Vamos sacolejando por uma estradinha para Heckmondwhite.
O motorista está correndo alucinadamente e buzinando para qualquer coisa que aparecer no caminho. Pedestres. Ciclistas. Bosta de
vaca. Mas ele diminuiu a velocidade atrás de uma guarda de trânsito que voltava a pé para casa, levando debaixo do braço o sinal de
“Pare”. Ela fez sinal para ele passar, mas ele acenou todo gentil e foi
seguindo devagarinho atrás dela. Aí, sem mais nem menos, quando
dobramos numa curva fechada, ele acelerou, disparou a buzina.
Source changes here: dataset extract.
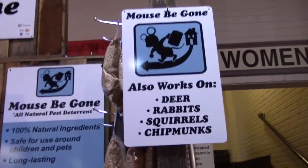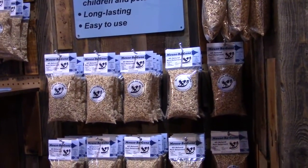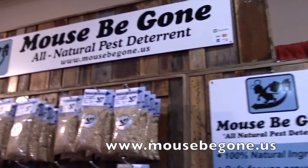They can actually deter mice, rabbits, squirrels, chipmunks. One bag will treat kind of one level of a building. And of course, they've got different size bags depending upon the situations that you might have. So kind of cool stuff right here.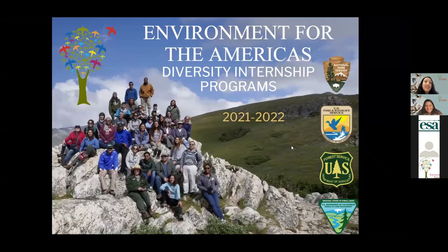Thank you everyone for joining us today. This is our second webinar of our Environment for the Americas Info Sessions. Today we're going to have three EFTA former and current interns that will present a day in the life of an EFTA intern.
Ela
se assustou e caiu dentro de uma valeta. O homem ria tanto que
achei que fosse engolir o cachimbo.
Comecei a me sentir ainda mais animada. A paisagem aqui parece um cartão-postal dizendo “Cena de inverno em Yorkshire, Inglaterra”. Tem até um pouco de neve no pico Grimbottom. Daí senti
um arrepio, lembrando do Fang lá em cima. Criando seus filhotes
fictícios como se fossem cachorrinhos fictícios.